-
Notifications
You must be signed in to change notification settings - Fork 14
Description
The dimension is incorrect with HybridTupleEmbedding using CTT model.
I think it's because HybridTupleEmbedding use autoencoder_embedding_model for tuple embedding, and in line 171 of tuple_embedding_models.py, the embedding_matric is having hidden_dimensions (by default, 150). But trainer defined in line 311 is still setting the CTTmodel input as input_dimension (by default, 300).
data is downloaded from https://pages.cs.wisc.edu/~anhai/data1/deepmatcher_data/Textual/Abt-Buy/exp_data/. use below code to reproduce the error:
import pandas as pd
from deep_blocker import DeepBlocker
from tuple_embedding_models import AutoEncoderTupleEmbedding, CTTTupleEmbedding, HybridTupleEmbedding
from vector_pairing_models import ExactTopKVectorPairing
import blocking_utils
cols_to_block=['name','description','price']
left_df = pd.read_csv("~/public_data/anhai/Textual/Abt-Buy/tableA.csv")
right_df = pd.read_csv("~/public_data/anhai/Textual/Abt-Buy/tableB.csv")
tuple_embedding_model = HybridTupleEmbedding()
topK_vector_pairing_model = ExactTopKVectorPairing(K=20)
db = DeepBlocker(tuple_embedding_model, topK_vector_pairing_model)
candidate_set_df = db.block_datasets(left_df, right_df, cols_to_block)
golden_df = pd.read_csv("~/public_data/anhai/Textual/Abt-Buy/test.csv")
golden_df = golden_df[golden_df['label']==1]
print(blocking_utils.compute_blocking_statistics(candidate_set_df, golden_df, left_df, right_df))

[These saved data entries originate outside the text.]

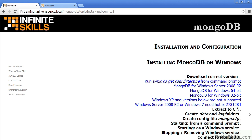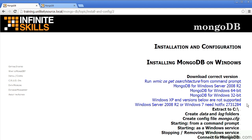The versions which are available are mongodb for Windows Server 2008 R2, which is specific to that environment. Otherwise, if you have a 64-bit version of Windows other than Windows XP, you can download mongodb for Windows 64-bit. If you have an older version of Windows, you can download mongodb for Windows 32-bit. Please note that Windows XP and versions below that are not supported by mongodb. It's also important to note that for Windows Server 2008 R2 or Windows 7, you need to install the hotfix 273-1284.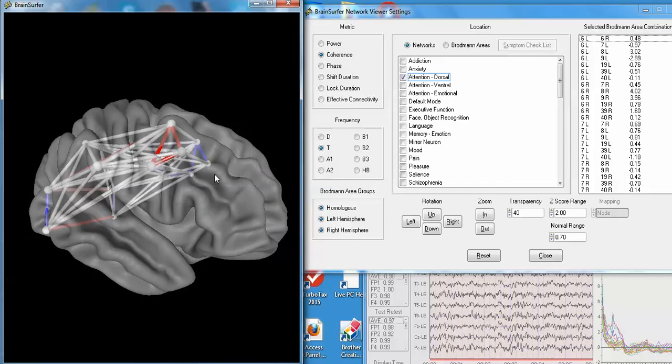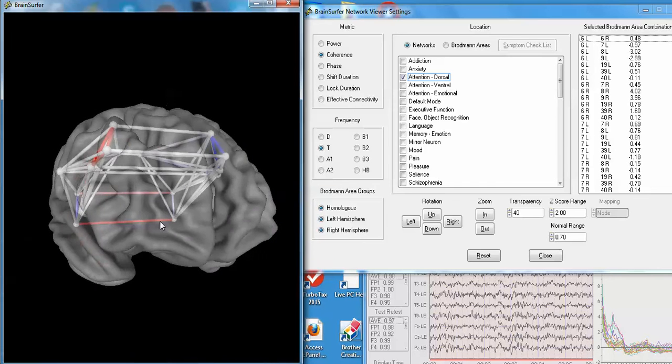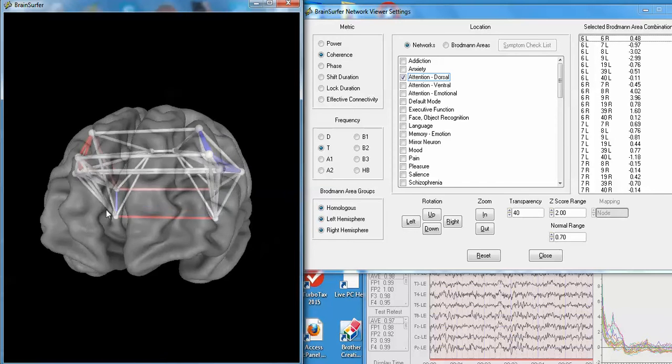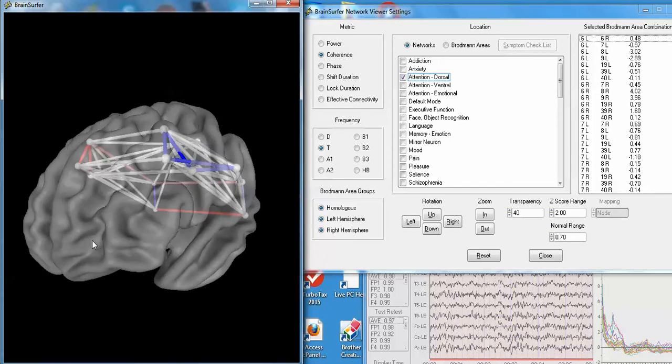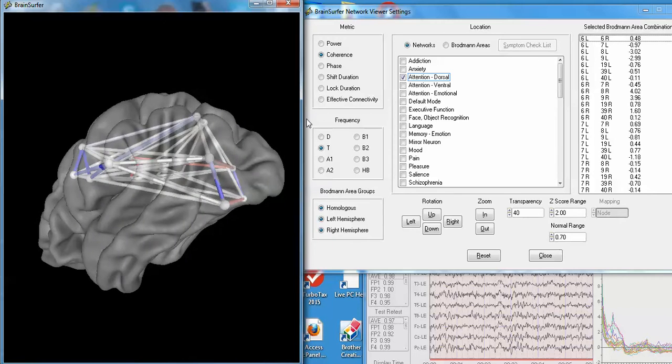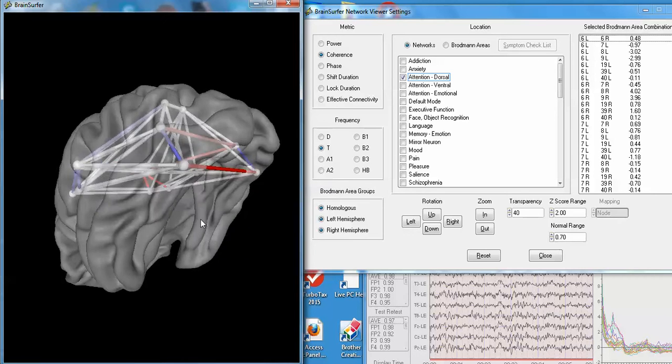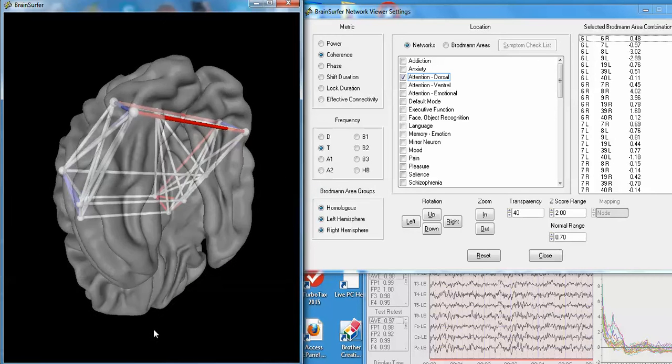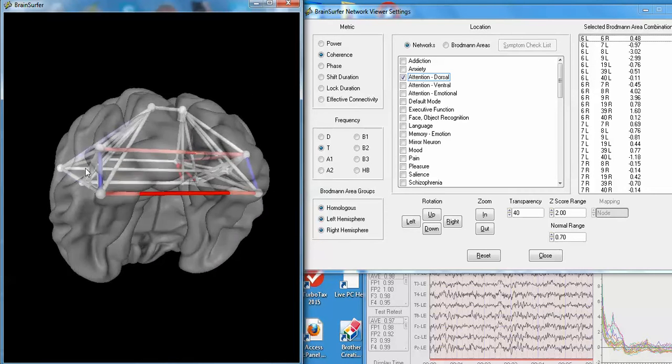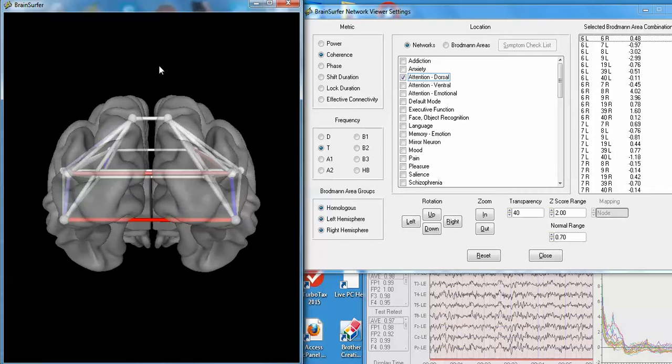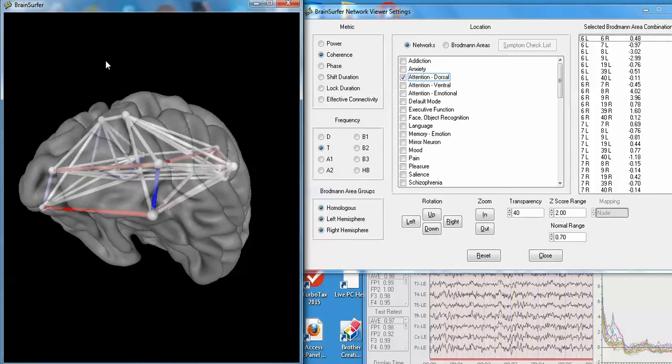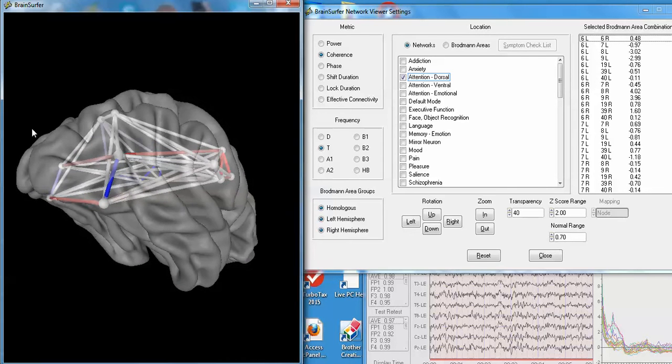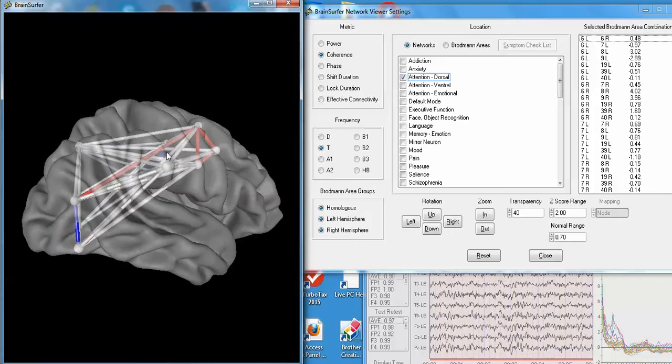I can resize it, rotate, look at the dorsal attention network, zoom in on the dorsal attention network, look at it from underneath, and evaluate the different aspects of the attention network as it relates to the patient's symptoms.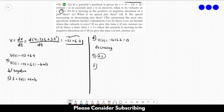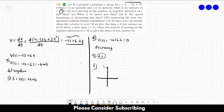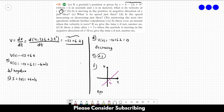Letter F: is there a time after t equals 3 seconds when the particle is moving in the negative direction of x? If so, give the time t; if not, answer no. The velocity equation is a first-degree equation, so it is a straight line. Drawing the graph of velocity as a function of time, at 2 seconds the velocity is zero, and after that it always increases and is always greater than 0. So there is no time after t equals 3 seconds where the particle moves in the negative direction of x. The answer to letter F is no.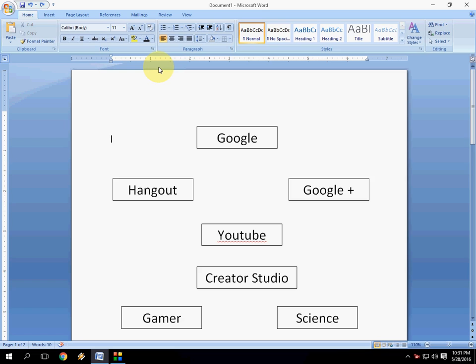In this video I will show you how to group and ungroup chart, graph, or picture in Microsoft Word.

print(candidate_set_df.shape)
error:
RuntimeError Traceback (most recent call last)
Cell In [2], line 15
12 topK_vector_pairing_model = ExactTopKVectorPairing(K=20)
13 db = DeepBlocker(tuple_embedding_model, topK_vector_pairing_model)

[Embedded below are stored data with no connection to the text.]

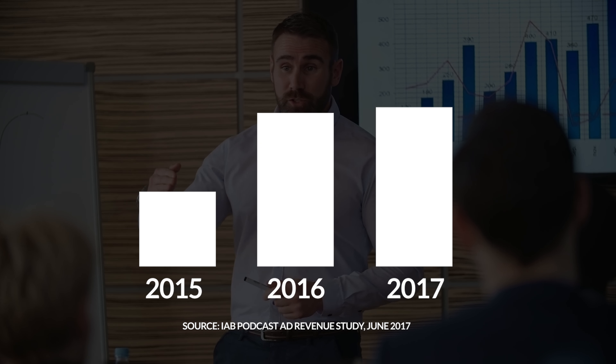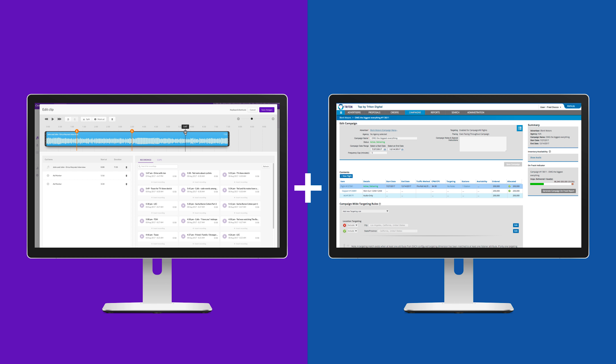As your audience grows, so does your revenue. Research shows that podcast advertising revenue has grown nearly 80 percent year on year, and over half of all ads are now dynamically inserted.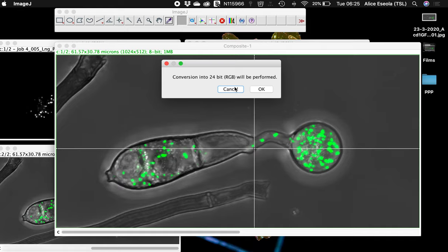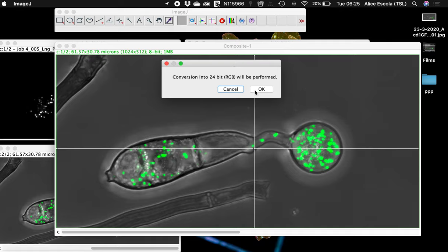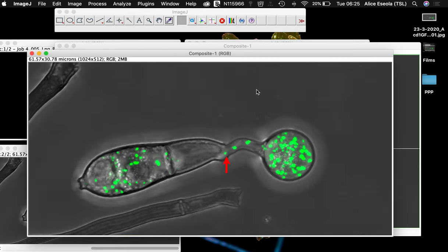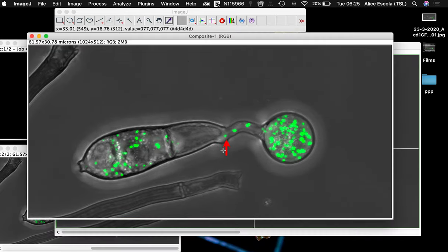When you click on apply, the software will automatically convert your image to a 24-bit colored image. That's okay, just click on okay.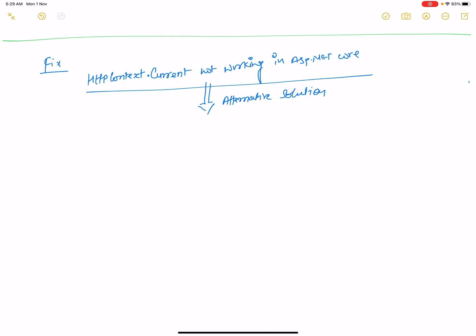Hello everyone, welcome to my channel. Today I'm going to show you how to fix HTTPContext.Current, which is not working in ASP.NET Core. Microsoft has permanently removed the HTTPContext.Current property from .NET Core and introduced a new alternative solution.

---> 15 candidate_set_df = db.block_datasets(left_df, right_df, cols_to_block)
16 golden_df = pd.read_csv("/mnt/efs-write/share/public_data/anhai/Textual/Abt-Buy/test.csv")

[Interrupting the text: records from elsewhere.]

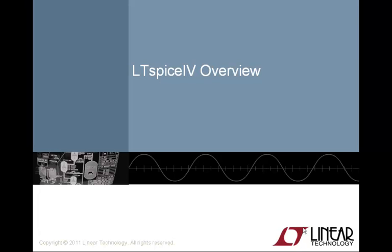Welcome, my name is Gabino Alonso, and this video will provide you an overview of the advantages of using LTSpice in analog design. I'll take you through a quick example and also give you an opportunity to go to our website and download the product and try it out for yourself.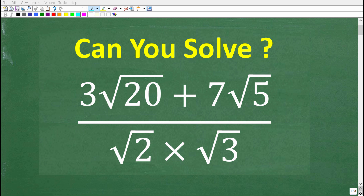Let's see how much you understand about square roots. Because if you really do understand square roots and radicals, this will be a very easy problem to solve without using a calculator. So here is the problem: we have 3 times the square root of 20 plus 7 times the square root of 5.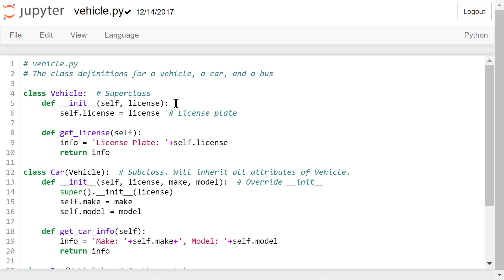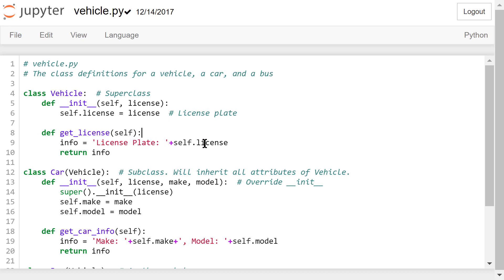The initialization method takes one more parameter other than self — it is the vehicle's license plate. This piece of information will be stored in self.license. The method getLicense will just return the license plate information.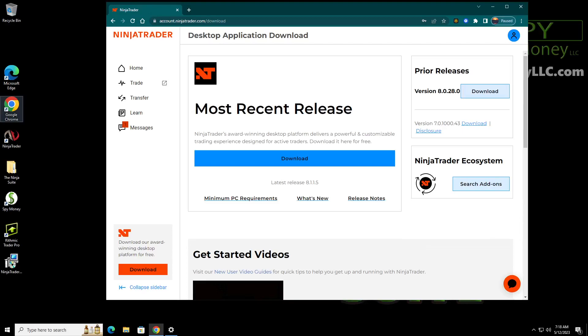Hello, welcome to Spy Money. I'm going to show you how to install NinjaTrader 8.1.1.5.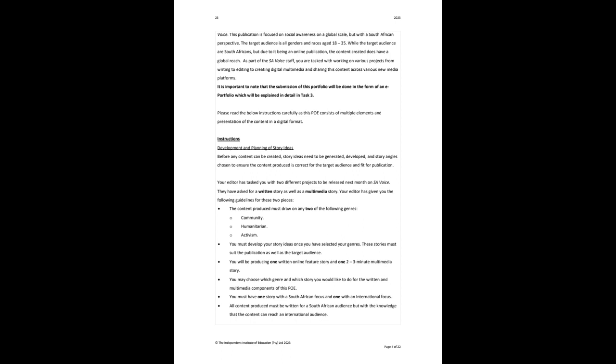Now the idea here is that you are writing with a South African audience in mind but with the knowledge that there is international reach. So for this POE you are not only focusing on South African stories like we have had previously, but you are needing to think about our international audience as well because you're producing content for a digital platform.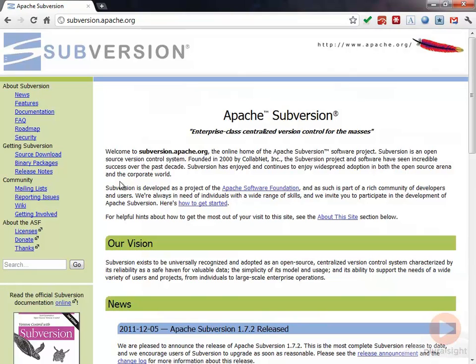The first thing we're going to want to do is get our SVN or Subversion Server set up and installed. Before we get into that, I do want to tell you that what I had said before in the previous module wasn't entirely true. I kind of simplified things a little bit.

17 golden_df = golden_df[golden_df['label']==1]
File ~/blocking/DeepBlocker/deep_blocker.py:58, in DeepBlocker.block_datasets(self, left_df, right_df, cols_to_block)
56 print("Performing pre-processing for tuple embeddings ")
57 all_merged_text = pd.concat([self.left_df["_merged_text"], self.right_df["_merged_text"]], ignore_index=True)
---> 58 self.tuple_embedding_model.preprocess(all_merged_text)
60 print("Obtaining tuple embeddings for left table")
61 self.left_tuple_embeddings = self.tuple_embedding_model.get_tuple_embedding(self.left_df["_merged_text"])
File ~/blocking/DeepBlocker/tuple_embedding_models.py:314, in HybridTupleEmbedding.preprocess(self, list_of_tuples)
312 trainer = dl_models.CTTModelTrainer (self.input_dimension, self.hidden_dimensions)
313 #trainer = dl_models.CTTModelTrainer (self.hidden_dimensions[-1], self.hidden_dimensions)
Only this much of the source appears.